Saturday, 02 de November de 2024 ISSN 1519-7670 - Ano 24 - nº 1312

José Sarney


‘Nos meus tempos de mocidade, a figura do delator era infame. Joaquim Silvério dos Reis, que denunciou Tiradentes, era um maldito. Judas, que vendeu Cristo nas famosas trinta moedas, era um judas. Calabar, o que delatou os brasileiros, entregando-os aos holandeses, ou Lázaro de Melo, que fez a mesma coisa com Bequimão, eram insultos irreparáveis se aplicados a alguém.


A coisa está mudando. Não é bem assim. Pode até ser um ato heróico e louvável. Os delatores, pelo bem público, redimem a lista dos anti-heróis e se incorporam a uma tábua de aliviados benfeitores.

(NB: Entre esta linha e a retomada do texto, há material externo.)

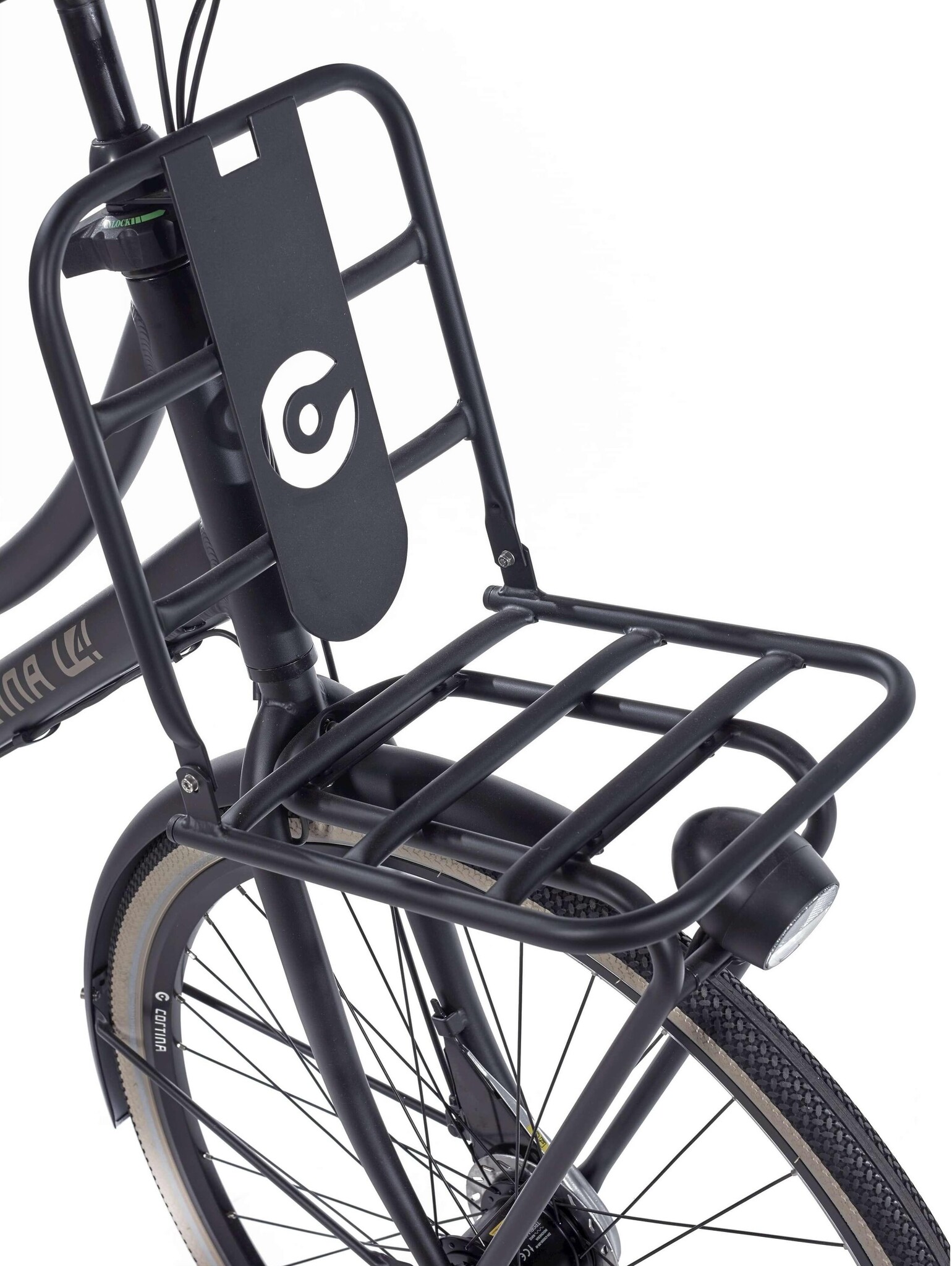 Cortina U4 Dames Jet Black Matt ND7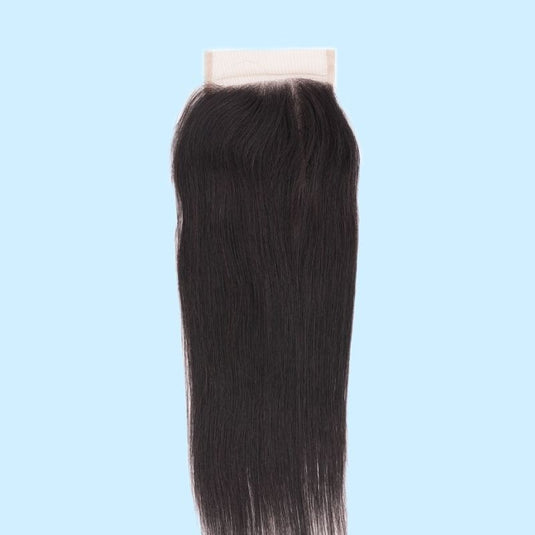 Translation missing: en.Brazilian Silky Straight 4x4 Transparent Closure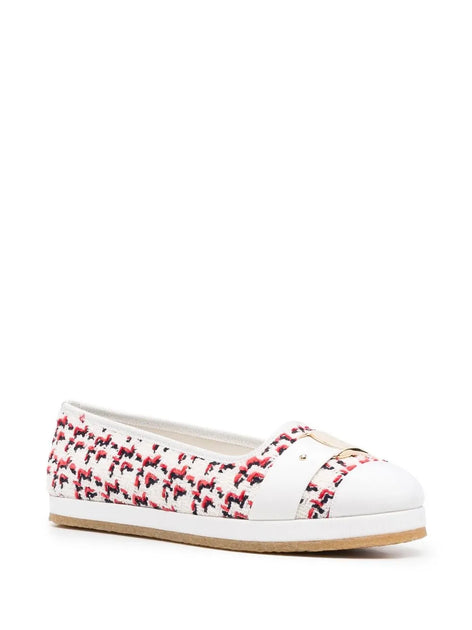 Salvatore Ferragamo Kacy Woven Espadrilles Beige US 8.5 3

A delação premiada não é invenção brasileira. Vem de longe. Sólon, na velha Grécia, o primeiro das leis da democracia, instituiu-a para estimular pessoas a combater o contrabando e a proteger o Estado. É Plutarco, em suas ‘Vidas Paralelas’, quem nos dá notícia disso. Depois os romanos também a utilizaram. E os tempos modernos fizeram o mesmo. Era a forma escolhida dos nazistas para pegar judeus, técnica de exportação adotada pelo governo de Vichy, aquele que traiu a França. Na Rússia de Stálin, chegou-se ao máximo da denúncia premiada erguendo estátuas ao menino Pavlik Morozov, condecorado e elevado a herói porque denunciara o pai, que estava traindo os ideais socialistas!


Na atual crise brasileira, a delação premiada está na moda, e muitos heróis estão aparecendo, desde Valério até Buratti.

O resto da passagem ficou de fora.